Krystal Ball Asks Abortion Movie Director If She Ever Feared For Her ‘Physical Safety’

June 20th, 2014 9:03 AM

Thursday afternoon’s The Cycle plugged the recently released “abortion rom-com” Obvious Child by interviewing the film's screenwriter and director Gillian Robespierre and lead actress Jenny Slate.

After the hosts spent a couple minutes praising the way in which the film portrayed a "positive, safe, shame-free abortion," co-host Krystal Ball took the liberty of asking the director if there was ever a point where she felt nervous for her “physical safety” citing the sometimes “violent” nature of anti-abortion activists.

Robespierre seemed rather uninterested in the idea that she was ever in danger of a “violent” reaction that may come from the Right. Instead she talked about how as a film maker you fear more about your movie actually being well done and liked to which Ball replied, “No worries. [You] [a]ccomplished both of those.”

As NewsBusters has pointed out in the past, Krystal Ball has made a habit out of going to great lengths to try and paint conservative as hateful, violent people and often insists on pressing her guests into shaming Republicans.

The relevant portion is transcribed below:

The Cycle
June 19, 2014
3:50 p.m. Eastern

KRYSTAL BALL: Were you in any way fearful of making this film? Anti-abortion protesters have been violent at times. What has the response been to this film from the right and were you at all nervous for your physical safety in making this?

GILLIAN ROBESPIERRE: First, film-making is really hard. Writing is hard and we were fearful of it not being a great story and the jokes not being funny.

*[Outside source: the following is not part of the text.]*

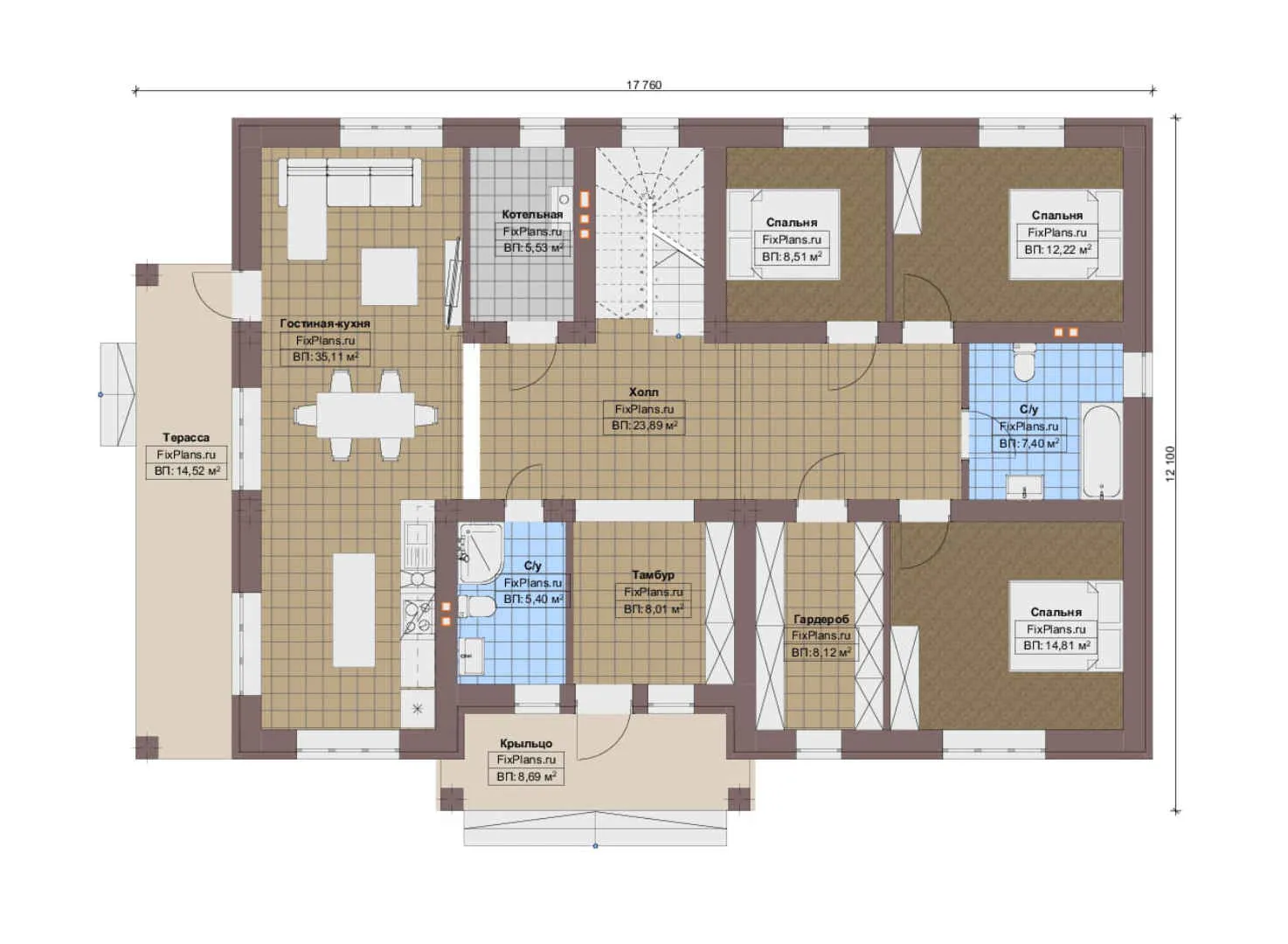F-12887 - Планы дома с мансардой 13 на 18, площадью 200 м² с террасой и 3 спальнями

BALL: No worries there. Accomplished both of those.

ROBESPIERRE: Thank you. We worked very hard on that. The conflict in this story wasn't going to be about the choice. It was going to be about other things in Donna's lives and the movie is not just an abortion film. We're following donna through many different stages of her life and –

BALL: You know how things can be caricatured.


BALL: Even though the film is not just an abortion film because that piece is in it I was concerned that it would be caricatured and demonized by anti-abortion activists.

ROBESPIERRE: Well, um, I think if they do pay money to go see the film and actually watch it then they'll realize what the story is really about. I don’t think they’re going to have such a violent, guttural reaction.